LEXINGTON - Playing point guard for coach Tubby Smith at the University of Kentucky has been a constant learning experience for Cliff Hawkins.

"I am still learning, too," said Hawkins. "It has been tough. He expects a lot out of you. If you are not doing what he wants, you hear about it.

"He's let me know that nothing comes easy. I was not totally prepared for everything when I came here, but I knew what I was in for and it has been a great experience."

As Hawkins' collegiate career winds down, he's playing some of his best basketball for the No. 9 Wildcats going into Sunday's game at LSU. He was 5-for-8 from the field and had 15 points, seven assists, five rebounds, two steals and one blocked shot in Wednesday's 92-60 win over Tennessee. He had 10 points and four assists in the win at Auburn. Against Arkansas, he had 11 assists.


"He's just playing great," Smith said. "Other players are responding well to him. He's really leading our team the way we need him to, especially at this time of year."

Hawkins originally planned to play for New Mexico and verbally committed there. However, he eventually changed his mind and came to Kentucky.
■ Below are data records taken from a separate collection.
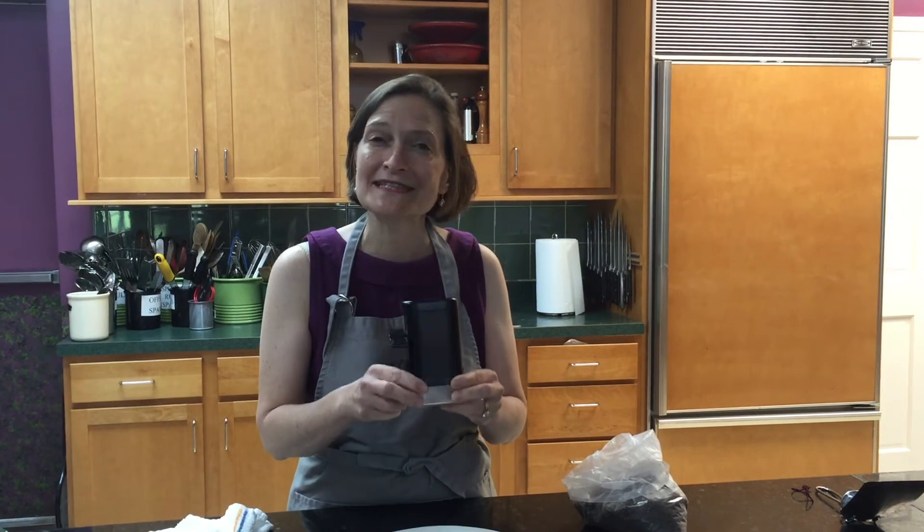One of the most important tools in the kitchen is the pepper mill. Welcome to Tool Time at Kitchen Conservatory. I'm Ann Corey and this is my favorite pepper mill in the kitchen.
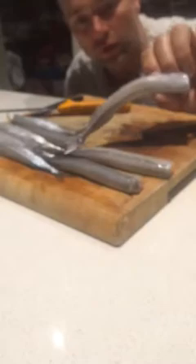G'day, I'm James Rogers and I'm from Unreal Fishing Charters. Tonight I'm just going to show you how to butterfly some garfish — partly so I don't forget myself, but also for those of you that would like to get some beautiful butterfly garfish fillets just like these. This is how I do it.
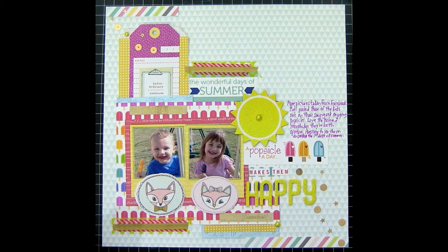I sewed across those two pieces of gold washi and also across the manufacturing strips in the two corners. I added more sequins into the lower right corner, added my journaling, and that was the layout. It kind of feels like my first process video because it's been so long. I hope you enjoyed it — I'll try to upload more as quickly as possible. Leave any comments or feedback below, and I hope you're enjoying your summer!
"I didn't even know how to run a team when I got here," Hawkins said.

He had gone to Oak Hill Academy to enhance his chances of playing Division I basketball. The small, private school in Virginia gave him no choice but to improve his basketball skills.

"After two weeks, I was ready to come home," Hawkins said. "Everybody has to overcome that. It was tough. But in my hometown, the level of competition just was not there. I wanted to play Division I and felt Oak Hill could help me do that.

"Oak Hill is on a mountain in the middle of nowhere. You had no choice but to play basketball."

Playing at Oak Hill did give Hawkins a taste of what it would be like to play for a high-profile college team. Oak Hill annually ranks among the nation's best prep teams, has a roster of Division I players and travels across the country to play games.

"Being at Oak Hill did prepare me for dealing with a lot of attention and pressure," Hawkins said. "At Oak Hill, we were No. 1 or No. 2 nationally the whole time I was there. We had a target on us every game. It was similar to Kentucky."

He averages 9.3 points, 5.1 assists

Smith credited Hawkins, who averages 9.3 points and 5.1 assists per game this year, for much of UK's success last season when he came off the bench to give the Cats a boost during their 32-4 season. This year he's started every game and again has the Cats in position to challenge for a national title.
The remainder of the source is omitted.